In the code above, will be printed "COB0111111.REM.txt". Adapting to your example (in which there is a list of names), could be so:

List<string> nomes = ....
List<string> nomesValidos = new List<string>();
Regex regex = new Regex(@"^[^\\]+\\Rem\\([^\\]+)$", RegexOptions.IgnoreCase);
foreach (string nome in nomes)
{
    Match match = regex.Match(nome);
    if (match.Success)
    {
        nomesValidos.Add(match.Groups[1].Value);
        // ou Add(nome), se quiser o nome completo do arquivo
    }
}

^{Example in Ideone.com}

If the entries are controlled and you know that you will only receive filenames, I believe this is enough. The problem is that [^\\] means "any character other than \", then it will accept any of the same (including special characters, line breaks, etc.), and can accept strings that are not necessarily filenames and directories (example). But if you know these cases don’t occur, it’s okay to use it.
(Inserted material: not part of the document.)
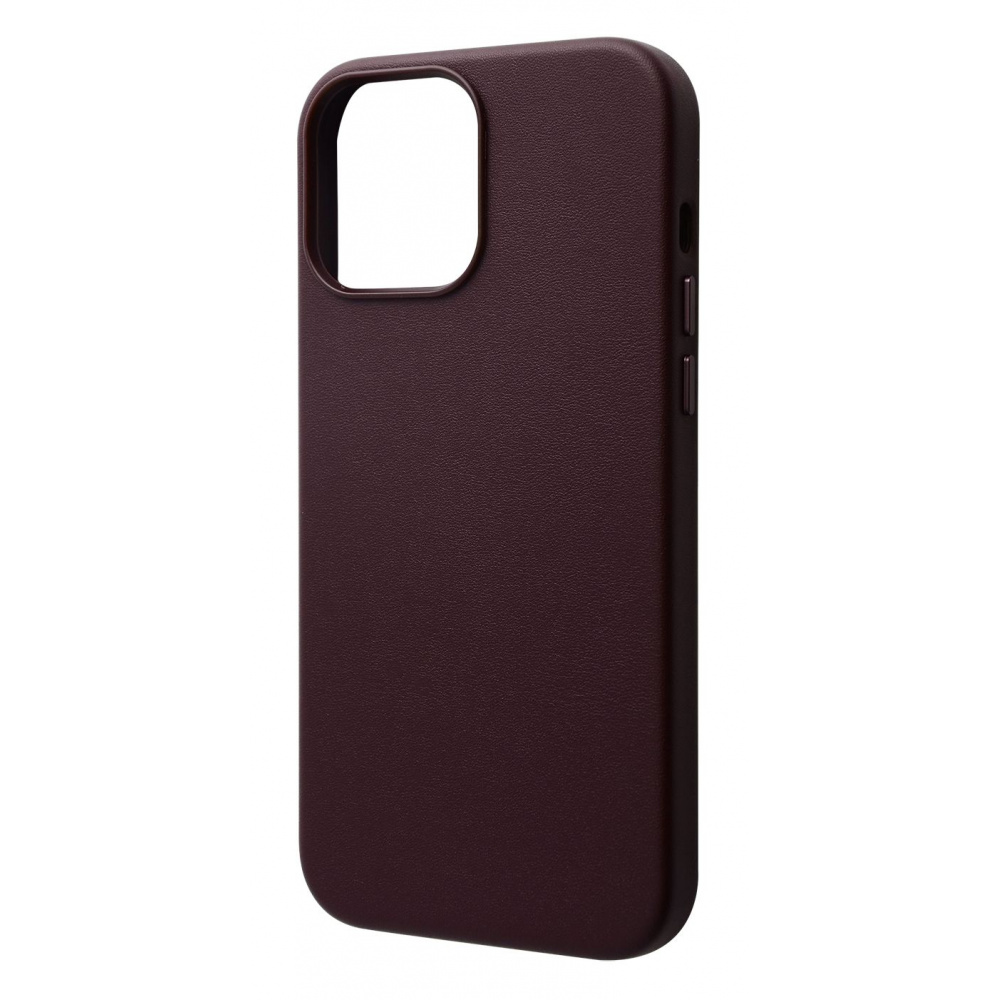 Чехол WAVE Premium Leather Edition Case with Magnetic Ring iPhone 13 Pro Max - фото 9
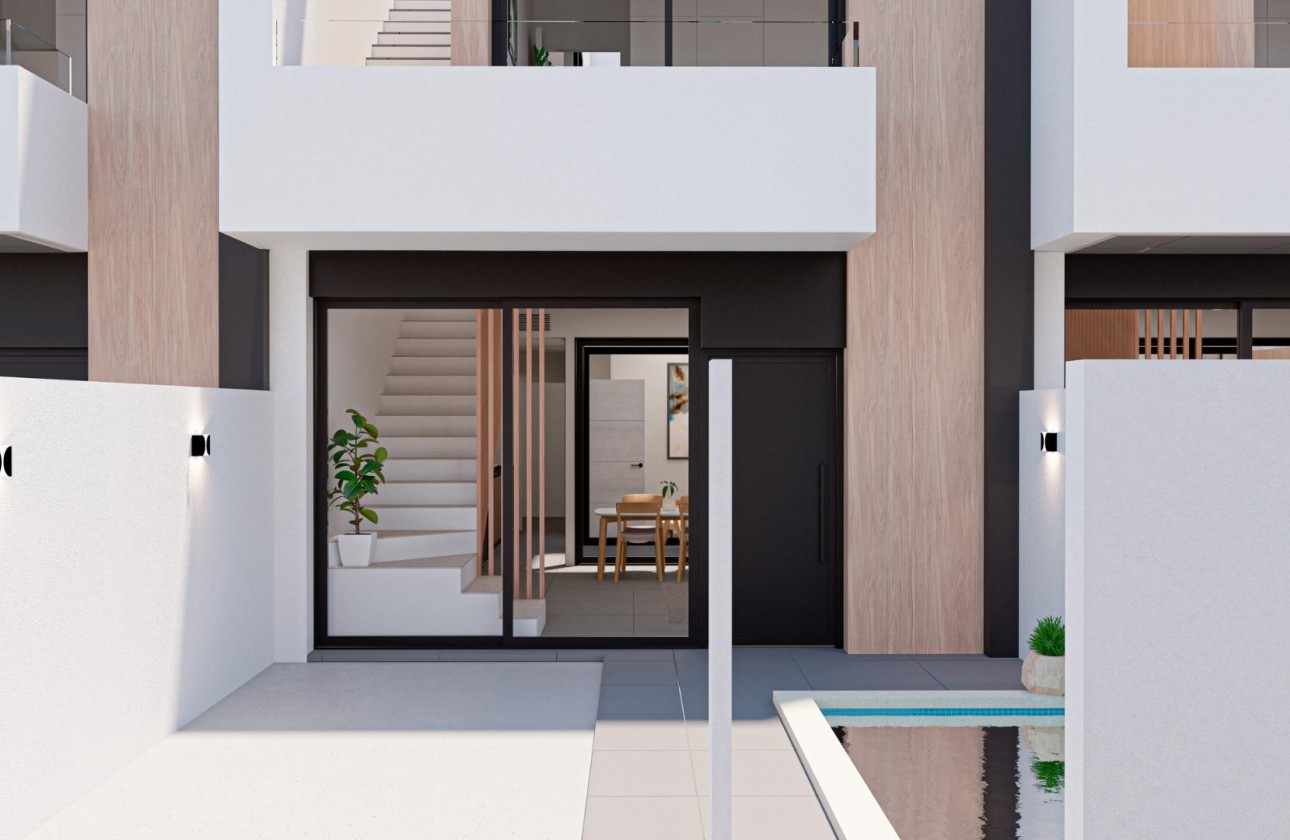 New Build - Townhouse - San Pedro del Pinatar - Pueblo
If you want, you can be more restrictive. For example, instead of [^\\], could use [a-z0-9\.\-]+ (one or more letters, numbers, dots, or hyphens), so regex would only accept filenames that contain those characters. But this regex also has its problems, because it is quite naive, since it accepts strings like ----- or ..... (see).

But I believe that for the cases presented, it does not seem worth complicating so much the regex, and the above options should be enough.

Finally, strengthen that your solution with Split it seems to me to be the simplest. Even because split and match are only two sides of the same coin: in the split I say what I don’t want to be in the final result (the separator \), in the match I say what I want (the parts that are between the \). And it is often easier to define one of the two (in your specific case, the split I find it easier).